Y no por casualidad fue este perfecto antihéroe quien nos ofreció, en sus obras, la contracara del sistema de valores que en el mundo manda. “No te tomes en serio nada que no te haga reír”, había dicho alguien alguna vez. Con divertida seriedad, sin la menor solemnidad, Soriano se identificó con sus personajes más desvalidos, vagabundos, delirantes, fracasados, especialistas en meter la pata y en vivir historias que siempre acababan mal. Y desde ellos escribió una comedia en la que todos somos actores, y en cada lector encontró un cómplice para el largo atentado que cometió, libro tras libro, contra un mundo que tan al revés recompensa y castiga.

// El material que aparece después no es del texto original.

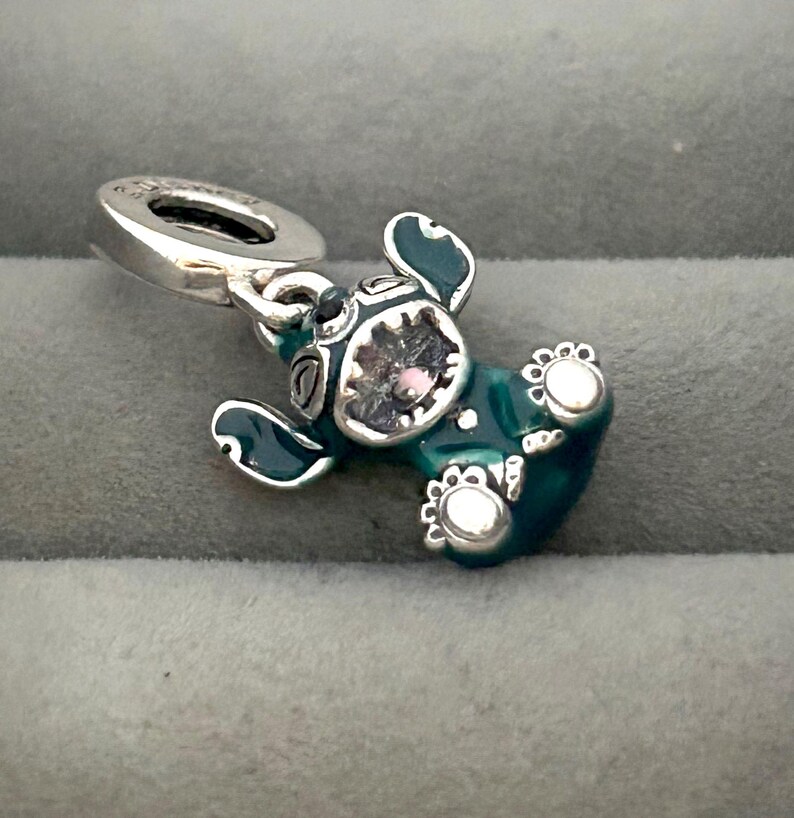 May include: A teal and silver charm in the shape of a cartoon character. The charm has a silver loop for attaching to a bracelet or necklace. The character has large ears, a round head, and a gem in the center of its face.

No fue fácil. Trabajó mucho en eso, noche tras noche a lo largo de sus días, guiado por los críticos que le merecían fe. Quiero decir: sus gatos, que a veces maullaban aprobación y a veces le destrozaban las páginas que no valían la pena.

***

En el último diálogo de Triste, solitario y final, Philip Marlowe pregunta al autor:
–Dígame, Soriano. ¿Por qué se le dio por meterse con el Gordo y el Flaco?
Y Soriano contesta:
–Los quiero mucho.
Así de simple podría ser nuestra respuesta, si alguien nos preguntara por qué seguimos recibiendo la visita de los muchos amigos que él nos presentó escribiendo.